Fin de la liberté de la presse : un contrôle total sur l’information
Le régime a progressivement verrouillé le paysage médiatique burkinabè. Les médias locaux subissent un contrôle strict, tandis que des organes internationaux se voient interdits. Les journalistes sont contraints d’adopter un « traitement patriotique » des sujets, c’est-à-dire une couverture alignée sur la ligne du pouvoir. Les attaques et menaces se multiplient, poussant à l’autocensure. Atiana Serge Oulon, directeur du journal L’Événement, a été enlevé à son domicile par l’Agence nationale du renseignement (ANR) le 24 juin 2024. Son média avait été suspendu la semaine précédente. Les 19 et 28 juin 2024, Kalifara Séré et Adama Bayala, chroniqueurs sur BF1, ont subi le même sort après la suspension de leur émission 7 Infos. La CADHP a exprimé sa « vive préoccupation » face à cette situation menaçant gravement l’intégrité physique et morale des journalistes.
Famille d’opposant·es en exil : cibles de la répression
Depuis septembre 2024, les proches d’anciennes personnalités politiques subissent harcèlements, violences et enlèvements. Entre le 11 et le 16 septembre, au moins deux membres de la famille de Djibril Bassolé, ancien ministre des Affaires étrangères sous Blaise Compaoré, ont été agressés et kidnappés à Ouagadougou.
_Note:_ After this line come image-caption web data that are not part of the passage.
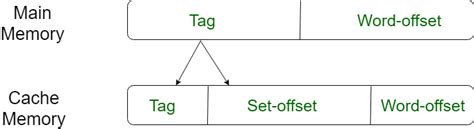 Types Of Cache Mapping Design Talk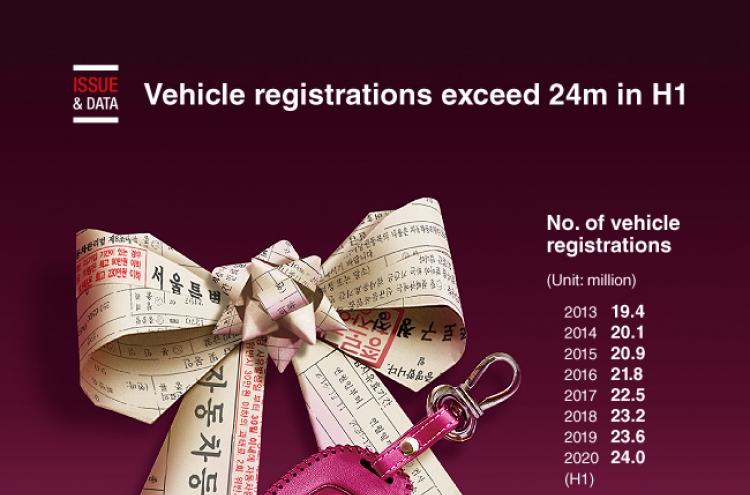[Graphic News] Vehicle registrations exceed 24m in H1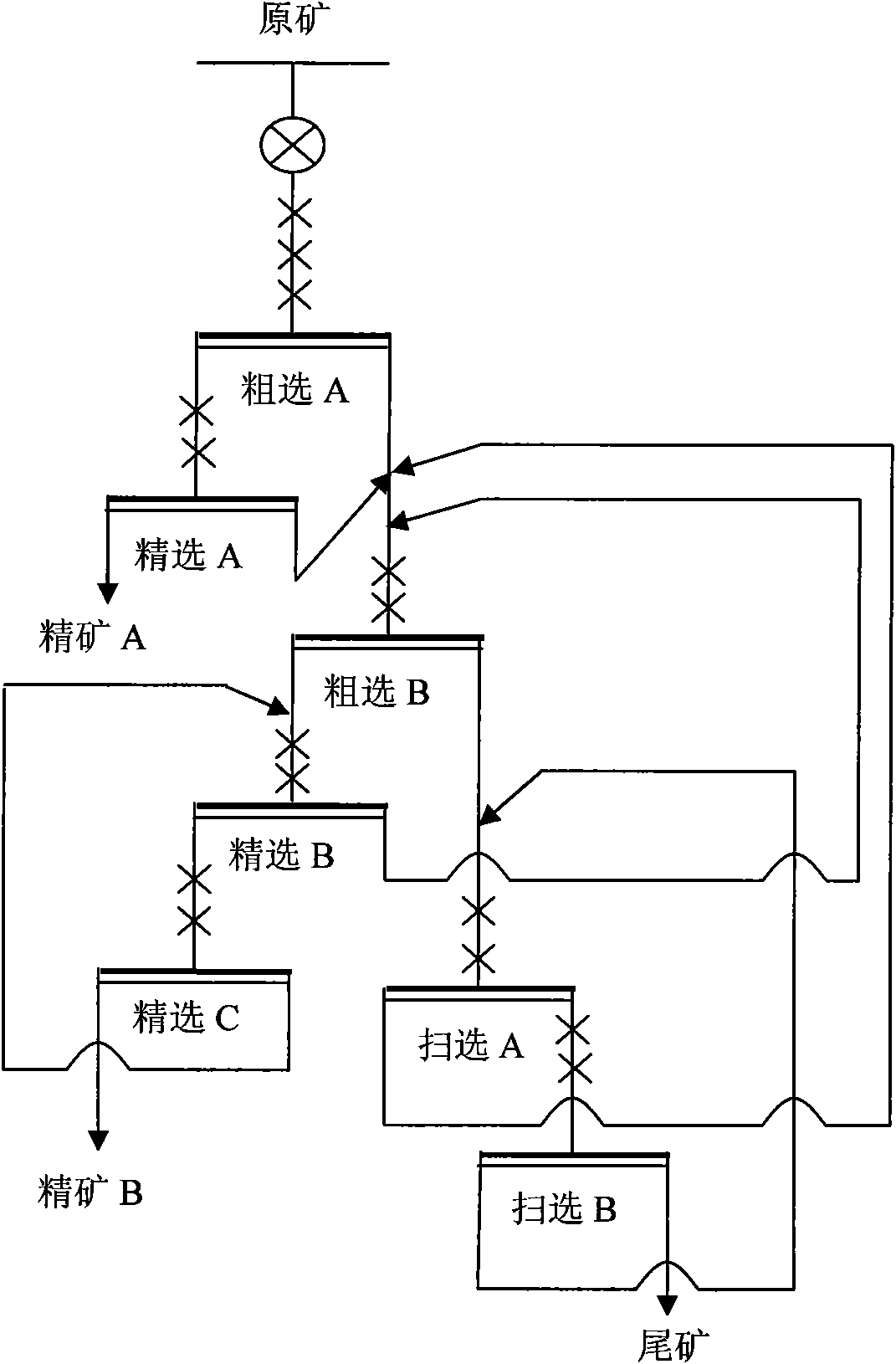 Method of fast-flotation of bauxite with low Al/Si (aluminum/silicon) ratio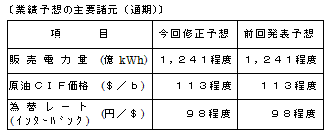 〔業績予想の主要諸元（通期）〕の表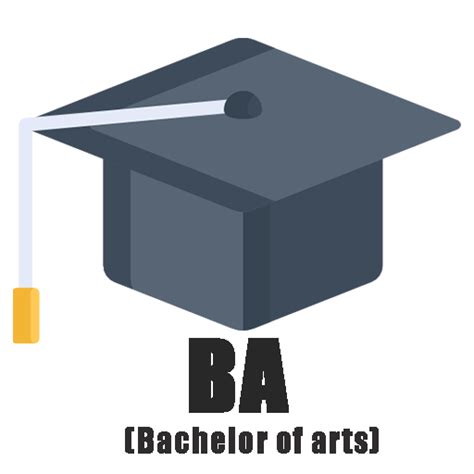 BA Tutorial 的图像结果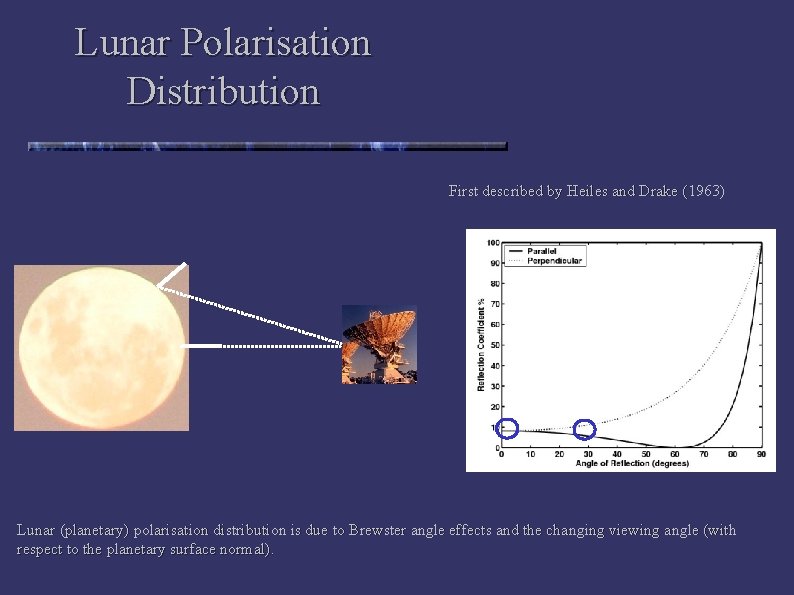 Lunar Polarisation Distribution First described by Heiles and Drake (1963) Lunar (planetary) polarisation distribution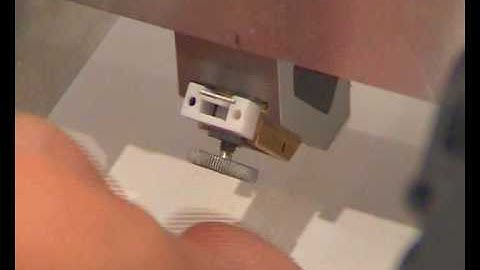 GUNNAR F1 Important Features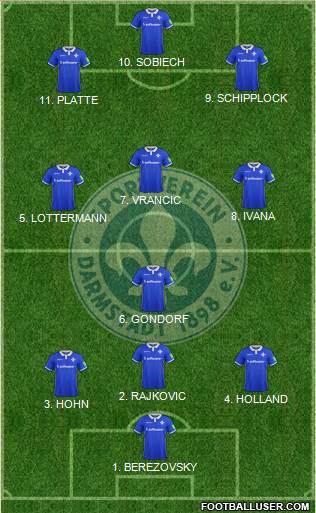SV Darmstadt 98 Formation 2022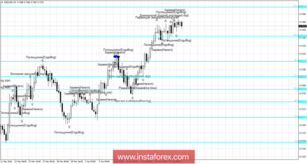 Свечной анализ NZD/USD на 13 апреля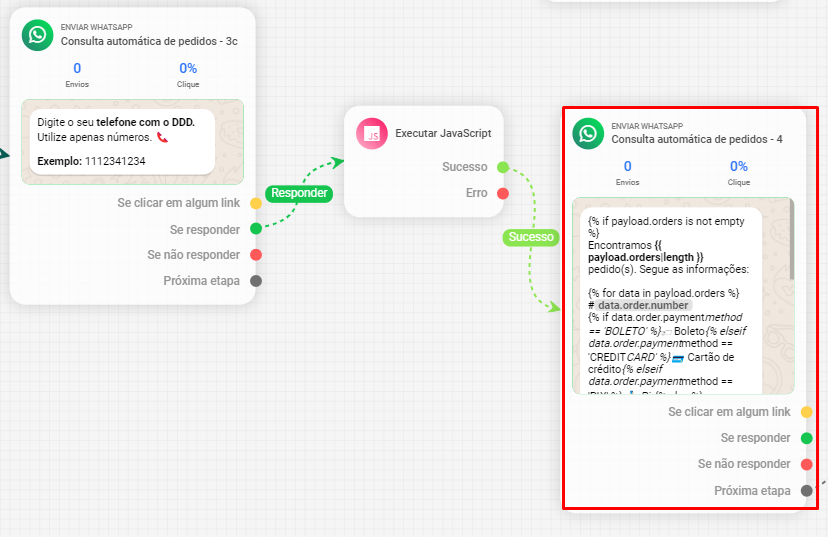 Resultado do Filtro `findOrdersByPhone`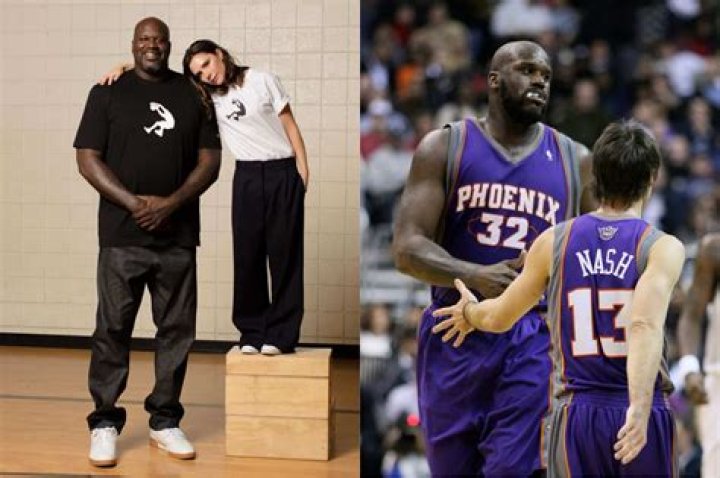 Unveiling The Height Of Shaq's Daughter: Discoveries And Insights Await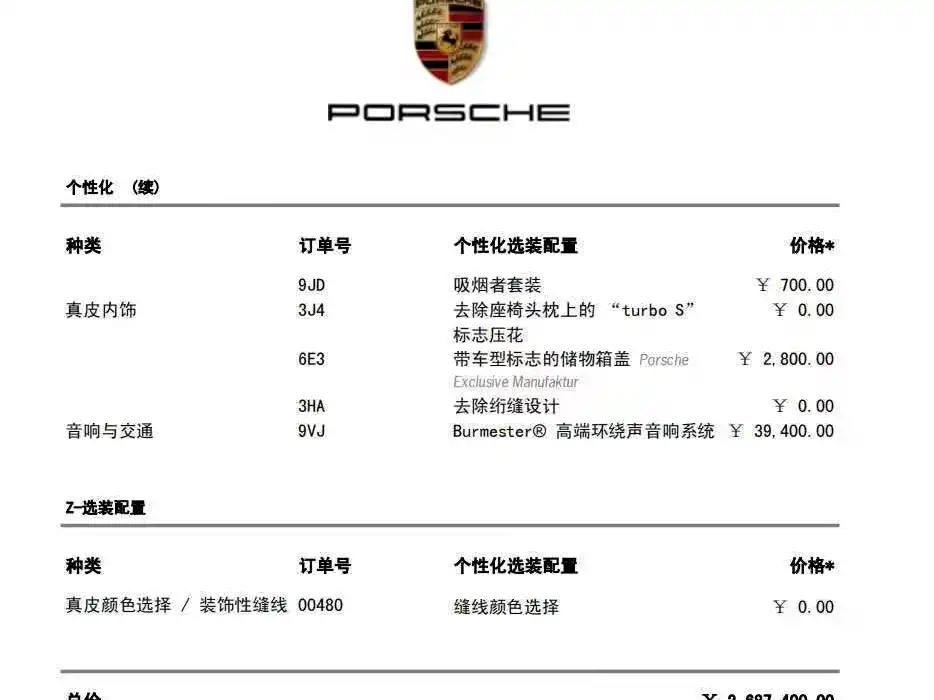 Porsche 911 2022 Turbo S 3.7T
Ces actes sont directement liés aux appels à la violence lancés par des militant·es proches du régime.
« Nous appelons l’Union africaine et l’ONU à unir leurs forces pour exiger des autorités burkinabè la cessation immédiate de cette violence, la libération des otages et le respect de leur intégrité physique et morale », plaide le Professeur Mabassa Fall, représentant de la FIDH auprès de l’Union africaine.